[Short descriptive text snippets]
>>>>>
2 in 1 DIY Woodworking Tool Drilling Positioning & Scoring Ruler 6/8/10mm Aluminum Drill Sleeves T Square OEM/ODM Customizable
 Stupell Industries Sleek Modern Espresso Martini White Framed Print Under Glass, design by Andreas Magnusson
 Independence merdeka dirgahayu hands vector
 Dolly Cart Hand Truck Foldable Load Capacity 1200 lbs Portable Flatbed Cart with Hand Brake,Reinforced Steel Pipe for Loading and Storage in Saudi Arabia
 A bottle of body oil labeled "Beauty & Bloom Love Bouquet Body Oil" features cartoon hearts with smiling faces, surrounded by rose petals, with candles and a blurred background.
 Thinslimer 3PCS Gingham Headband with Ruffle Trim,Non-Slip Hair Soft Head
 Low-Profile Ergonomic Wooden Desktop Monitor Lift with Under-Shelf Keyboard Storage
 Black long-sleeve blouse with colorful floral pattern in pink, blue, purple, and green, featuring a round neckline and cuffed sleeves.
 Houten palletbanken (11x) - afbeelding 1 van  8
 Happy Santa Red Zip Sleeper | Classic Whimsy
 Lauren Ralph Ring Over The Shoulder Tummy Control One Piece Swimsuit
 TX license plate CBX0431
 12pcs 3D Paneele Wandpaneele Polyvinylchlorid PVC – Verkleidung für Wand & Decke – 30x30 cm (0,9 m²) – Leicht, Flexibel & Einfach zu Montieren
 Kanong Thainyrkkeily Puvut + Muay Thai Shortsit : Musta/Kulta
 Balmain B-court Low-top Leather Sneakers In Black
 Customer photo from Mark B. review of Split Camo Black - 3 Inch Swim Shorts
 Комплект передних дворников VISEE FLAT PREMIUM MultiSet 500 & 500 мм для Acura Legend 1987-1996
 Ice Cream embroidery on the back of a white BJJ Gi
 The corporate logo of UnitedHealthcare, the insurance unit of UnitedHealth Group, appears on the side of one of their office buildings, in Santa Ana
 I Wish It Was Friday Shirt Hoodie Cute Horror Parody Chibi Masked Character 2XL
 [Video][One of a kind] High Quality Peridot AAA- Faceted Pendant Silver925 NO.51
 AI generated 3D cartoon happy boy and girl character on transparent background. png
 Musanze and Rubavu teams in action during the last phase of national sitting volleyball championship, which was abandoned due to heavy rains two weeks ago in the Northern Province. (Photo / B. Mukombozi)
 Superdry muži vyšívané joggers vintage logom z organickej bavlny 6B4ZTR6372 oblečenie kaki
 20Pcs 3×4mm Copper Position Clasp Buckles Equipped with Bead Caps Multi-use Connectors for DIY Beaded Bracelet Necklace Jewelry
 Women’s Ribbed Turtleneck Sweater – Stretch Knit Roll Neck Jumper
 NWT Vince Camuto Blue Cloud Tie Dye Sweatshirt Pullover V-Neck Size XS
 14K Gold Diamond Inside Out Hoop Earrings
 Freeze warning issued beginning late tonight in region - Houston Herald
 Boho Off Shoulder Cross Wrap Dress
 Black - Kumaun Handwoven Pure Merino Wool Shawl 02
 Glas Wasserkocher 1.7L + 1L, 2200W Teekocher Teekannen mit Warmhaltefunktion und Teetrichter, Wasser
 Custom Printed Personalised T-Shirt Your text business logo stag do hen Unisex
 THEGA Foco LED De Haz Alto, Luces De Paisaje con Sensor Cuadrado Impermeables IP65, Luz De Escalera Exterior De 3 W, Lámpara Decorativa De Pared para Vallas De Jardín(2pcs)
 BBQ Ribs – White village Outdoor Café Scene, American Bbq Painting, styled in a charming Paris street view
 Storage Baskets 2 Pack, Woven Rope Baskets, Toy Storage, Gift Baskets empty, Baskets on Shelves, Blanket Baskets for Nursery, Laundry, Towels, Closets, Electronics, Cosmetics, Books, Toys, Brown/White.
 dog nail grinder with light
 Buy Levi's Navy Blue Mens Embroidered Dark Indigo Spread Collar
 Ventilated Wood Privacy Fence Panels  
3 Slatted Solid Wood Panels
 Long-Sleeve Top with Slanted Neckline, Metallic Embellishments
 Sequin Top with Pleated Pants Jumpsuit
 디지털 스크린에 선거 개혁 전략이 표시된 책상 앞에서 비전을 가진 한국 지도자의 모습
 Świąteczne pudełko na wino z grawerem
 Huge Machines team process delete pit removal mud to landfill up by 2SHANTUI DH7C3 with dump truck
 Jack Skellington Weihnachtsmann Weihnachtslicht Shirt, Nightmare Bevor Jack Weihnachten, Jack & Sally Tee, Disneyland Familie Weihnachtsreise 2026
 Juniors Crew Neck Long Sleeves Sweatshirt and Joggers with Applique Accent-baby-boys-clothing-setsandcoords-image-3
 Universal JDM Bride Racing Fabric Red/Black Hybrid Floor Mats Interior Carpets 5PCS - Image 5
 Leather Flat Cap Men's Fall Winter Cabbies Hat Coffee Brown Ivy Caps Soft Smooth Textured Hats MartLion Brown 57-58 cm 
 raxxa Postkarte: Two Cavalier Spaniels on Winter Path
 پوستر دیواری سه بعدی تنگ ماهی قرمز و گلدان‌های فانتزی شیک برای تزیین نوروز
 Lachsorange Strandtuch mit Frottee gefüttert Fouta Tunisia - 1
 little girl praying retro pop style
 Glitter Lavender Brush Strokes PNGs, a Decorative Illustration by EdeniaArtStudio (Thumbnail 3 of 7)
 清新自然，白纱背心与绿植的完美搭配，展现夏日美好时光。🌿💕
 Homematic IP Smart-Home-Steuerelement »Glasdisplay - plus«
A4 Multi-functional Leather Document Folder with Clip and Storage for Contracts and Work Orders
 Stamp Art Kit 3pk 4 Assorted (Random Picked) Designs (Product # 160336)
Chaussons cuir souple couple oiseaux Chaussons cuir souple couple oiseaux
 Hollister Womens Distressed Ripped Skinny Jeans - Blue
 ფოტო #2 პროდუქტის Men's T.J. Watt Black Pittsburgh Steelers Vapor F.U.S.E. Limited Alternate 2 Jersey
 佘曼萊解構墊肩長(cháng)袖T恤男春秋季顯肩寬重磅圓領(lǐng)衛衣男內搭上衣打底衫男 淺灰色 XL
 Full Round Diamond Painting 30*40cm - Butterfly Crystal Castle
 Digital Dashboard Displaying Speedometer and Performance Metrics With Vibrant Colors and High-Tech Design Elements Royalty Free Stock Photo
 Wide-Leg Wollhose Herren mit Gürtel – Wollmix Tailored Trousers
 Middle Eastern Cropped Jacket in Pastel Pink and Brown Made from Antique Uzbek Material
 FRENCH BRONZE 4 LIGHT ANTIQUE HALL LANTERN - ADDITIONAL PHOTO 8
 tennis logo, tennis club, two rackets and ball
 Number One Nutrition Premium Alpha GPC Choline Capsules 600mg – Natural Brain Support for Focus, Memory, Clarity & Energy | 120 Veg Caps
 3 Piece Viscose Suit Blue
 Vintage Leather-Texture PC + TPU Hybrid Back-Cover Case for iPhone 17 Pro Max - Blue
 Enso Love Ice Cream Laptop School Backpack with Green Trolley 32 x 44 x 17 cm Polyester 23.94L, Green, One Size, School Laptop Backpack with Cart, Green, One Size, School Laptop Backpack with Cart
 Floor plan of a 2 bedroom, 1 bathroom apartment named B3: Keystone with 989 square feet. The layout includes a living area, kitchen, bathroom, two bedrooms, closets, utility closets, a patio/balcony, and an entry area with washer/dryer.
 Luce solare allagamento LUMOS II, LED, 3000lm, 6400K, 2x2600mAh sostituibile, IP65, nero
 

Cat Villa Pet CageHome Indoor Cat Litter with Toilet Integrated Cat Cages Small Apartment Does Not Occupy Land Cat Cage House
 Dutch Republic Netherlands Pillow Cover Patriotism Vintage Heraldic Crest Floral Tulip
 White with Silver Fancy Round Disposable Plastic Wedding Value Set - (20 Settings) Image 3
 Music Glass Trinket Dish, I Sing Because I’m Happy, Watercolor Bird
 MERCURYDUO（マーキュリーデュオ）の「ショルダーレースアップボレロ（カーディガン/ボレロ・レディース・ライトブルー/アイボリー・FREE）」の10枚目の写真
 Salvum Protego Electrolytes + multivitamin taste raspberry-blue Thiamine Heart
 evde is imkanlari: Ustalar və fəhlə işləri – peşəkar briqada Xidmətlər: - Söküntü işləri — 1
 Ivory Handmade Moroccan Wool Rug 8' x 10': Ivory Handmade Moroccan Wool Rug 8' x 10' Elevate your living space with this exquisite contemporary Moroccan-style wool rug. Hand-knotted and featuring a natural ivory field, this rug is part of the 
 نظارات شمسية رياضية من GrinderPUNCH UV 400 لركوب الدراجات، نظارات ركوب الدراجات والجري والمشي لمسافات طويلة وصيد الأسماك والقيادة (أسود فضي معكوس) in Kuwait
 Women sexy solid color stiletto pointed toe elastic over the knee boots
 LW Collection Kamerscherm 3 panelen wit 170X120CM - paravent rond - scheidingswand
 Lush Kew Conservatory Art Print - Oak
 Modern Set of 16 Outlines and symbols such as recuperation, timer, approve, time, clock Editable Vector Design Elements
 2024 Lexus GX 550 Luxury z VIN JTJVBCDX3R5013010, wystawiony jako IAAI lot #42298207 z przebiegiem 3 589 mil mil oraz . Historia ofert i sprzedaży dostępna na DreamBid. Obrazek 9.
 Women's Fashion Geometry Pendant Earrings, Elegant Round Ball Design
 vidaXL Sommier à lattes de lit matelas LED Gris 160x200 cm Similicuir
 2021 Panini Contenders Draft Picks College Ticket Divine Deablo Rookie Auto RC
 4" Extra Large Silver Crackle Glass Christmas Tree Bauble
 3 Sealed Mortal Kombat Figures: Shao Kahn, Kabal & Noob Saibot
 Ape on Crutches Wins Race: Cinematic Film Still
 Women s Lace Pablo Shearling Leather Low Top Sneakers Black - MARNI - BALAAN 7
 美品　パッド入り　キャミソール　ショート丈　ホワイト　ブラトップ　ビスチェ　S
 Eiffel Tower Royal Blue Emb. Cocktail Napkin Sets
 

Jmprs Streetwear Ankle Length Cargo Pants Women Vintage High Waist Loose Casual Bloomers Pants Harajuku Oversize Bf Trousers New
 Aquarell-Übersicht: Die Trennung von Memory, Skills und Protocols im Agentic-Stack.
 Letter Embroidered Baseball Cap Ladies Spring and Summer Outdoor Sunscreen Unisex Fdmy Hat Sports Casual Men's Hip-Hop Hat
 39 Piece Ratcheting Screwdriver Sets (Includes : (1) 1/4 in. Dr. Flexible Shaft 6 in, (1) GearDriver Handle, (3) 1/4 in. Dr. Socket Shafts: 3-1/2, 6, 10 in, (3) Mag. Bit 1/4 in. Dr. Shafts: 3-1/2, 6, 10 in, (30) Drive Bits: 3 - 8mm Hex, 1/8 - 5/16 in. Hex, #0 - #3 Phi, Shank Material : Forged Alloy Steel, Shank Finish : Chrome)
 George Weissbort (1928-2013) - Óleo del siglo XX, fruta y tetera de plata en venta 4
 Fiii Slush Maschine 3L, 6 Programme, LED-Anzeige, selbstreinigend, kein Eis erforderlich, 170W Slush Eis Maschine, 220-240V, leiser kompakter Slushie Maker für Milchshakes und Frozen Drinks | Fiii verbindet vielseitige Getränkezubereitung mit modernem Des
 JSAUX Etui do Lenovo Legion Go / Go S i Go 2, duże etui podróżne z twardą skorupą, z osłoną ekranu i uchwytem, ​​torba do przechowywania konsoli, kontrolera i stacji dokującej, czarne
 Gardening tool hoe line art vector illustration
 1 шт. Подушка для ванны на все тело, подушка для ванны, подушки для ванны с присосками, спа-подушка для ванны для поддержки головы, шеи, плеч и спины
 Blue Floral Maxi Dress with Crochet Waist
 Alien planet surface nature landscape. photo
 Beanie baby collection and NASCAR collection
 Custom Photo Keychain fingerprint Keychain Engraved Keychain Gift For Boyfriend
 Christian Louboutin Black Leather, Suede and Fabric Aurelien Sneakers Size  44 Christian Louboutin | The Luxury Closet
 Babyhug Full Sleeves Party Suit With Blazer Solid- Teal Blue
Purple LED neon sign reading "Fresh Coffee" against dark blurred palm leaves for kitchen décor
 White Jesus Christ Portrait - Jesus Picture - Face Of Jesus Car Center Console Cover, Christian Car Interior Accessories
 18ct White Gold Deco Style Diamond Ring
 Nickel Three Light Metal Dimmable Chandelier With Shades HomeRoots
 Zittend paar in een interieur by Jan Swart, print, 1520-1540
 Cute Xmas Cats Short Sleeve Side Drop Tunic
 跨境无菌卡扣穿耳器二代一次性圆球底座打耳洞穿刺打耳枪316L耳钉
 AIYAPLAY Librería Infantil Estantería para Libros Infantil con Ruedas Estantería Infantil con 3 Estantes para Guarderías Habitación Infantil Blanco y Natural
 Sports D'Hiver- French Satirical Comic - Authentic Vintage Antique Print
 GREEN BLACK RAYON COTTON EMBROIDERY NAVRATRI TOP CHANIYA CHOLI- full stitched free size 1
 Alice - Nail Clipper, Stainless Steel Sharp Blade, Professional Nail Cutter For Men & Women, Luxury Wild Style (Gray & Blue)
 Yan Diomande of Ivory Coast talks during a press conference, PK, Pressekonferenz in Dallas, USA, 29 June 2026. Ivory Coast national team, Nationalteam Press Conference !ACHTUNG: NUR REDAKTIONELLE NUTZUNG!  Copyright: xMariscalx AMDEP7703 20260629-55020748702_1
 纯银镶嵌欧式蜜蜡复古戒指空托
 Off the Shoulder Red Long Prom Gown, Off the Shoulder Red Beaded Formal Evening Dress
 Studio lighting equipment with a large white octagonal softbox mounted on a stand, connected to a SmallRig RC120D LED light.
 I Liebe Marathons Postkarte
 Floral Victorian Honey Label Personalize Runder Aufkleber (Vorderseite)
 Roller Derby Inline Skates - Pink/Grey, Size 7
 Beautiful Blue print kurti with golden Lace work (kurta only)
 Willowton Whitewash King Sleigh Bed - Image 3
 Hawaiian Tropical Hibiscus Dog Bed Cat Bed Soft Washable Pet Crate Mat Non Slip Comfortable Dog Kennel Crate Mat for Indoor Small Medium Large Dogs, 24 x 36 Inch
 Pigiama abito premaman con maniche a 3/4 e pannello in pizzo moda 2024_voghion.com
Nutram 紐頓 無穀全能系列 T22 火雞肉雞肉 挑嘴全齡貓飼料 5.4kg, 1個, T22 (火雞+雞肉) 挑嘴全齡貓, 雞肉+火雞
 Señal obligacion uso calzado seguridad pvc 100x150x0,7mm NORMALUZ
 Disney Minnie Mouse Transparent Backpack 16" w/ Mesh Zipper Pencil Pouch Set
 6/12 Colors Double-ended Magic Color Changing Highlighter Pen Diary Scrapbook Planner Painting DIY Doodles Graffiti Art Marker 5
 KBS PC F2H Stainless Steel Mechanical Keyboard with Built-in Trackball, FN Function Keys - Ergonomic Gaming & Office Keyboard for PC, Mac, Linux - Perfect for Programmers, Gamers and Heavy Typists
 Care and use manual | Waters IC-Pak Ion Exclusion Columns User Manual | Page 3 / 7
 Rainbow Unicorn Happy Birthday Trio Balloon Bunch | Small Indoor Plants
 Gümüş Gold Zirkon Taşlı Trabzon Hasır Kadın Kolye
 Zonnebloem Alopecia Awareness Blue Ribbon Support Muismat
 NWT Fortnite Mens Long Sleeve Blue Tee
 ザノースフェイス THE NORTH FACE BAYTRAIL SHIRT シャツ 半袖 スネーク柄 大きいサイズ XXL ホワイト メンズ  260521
<<<<<
■ **Problem description**
The expected answer is an exact copy of the lines above, beginning at the line with "Glas Wasserkocher 1.7L" and ending at the line with "BBQ Ribs – White", with both ends in.

■ **Answer space**
 Glas Wasserkocher 1.7L + 1L, 2200W Teekocher Teekannen mit Warmhaltefunktion und Teetrichter, Wasser
 Custom Printed Personalised T-Shirt Your text business logo stag do hen Unisex
 THEGA Foco LED De Haz Alto, Luces De Paisaje con Sensor Cuadrado Impermeables IP65, Luz De Escalera Exterior De 3 W, Lámpara Decorativa De Pared para Vallas De Jardín(2pcs)
 BBQ Ribs – White village Outdoor Café Scene, American Bbq Painting, styled in a charming Paris street view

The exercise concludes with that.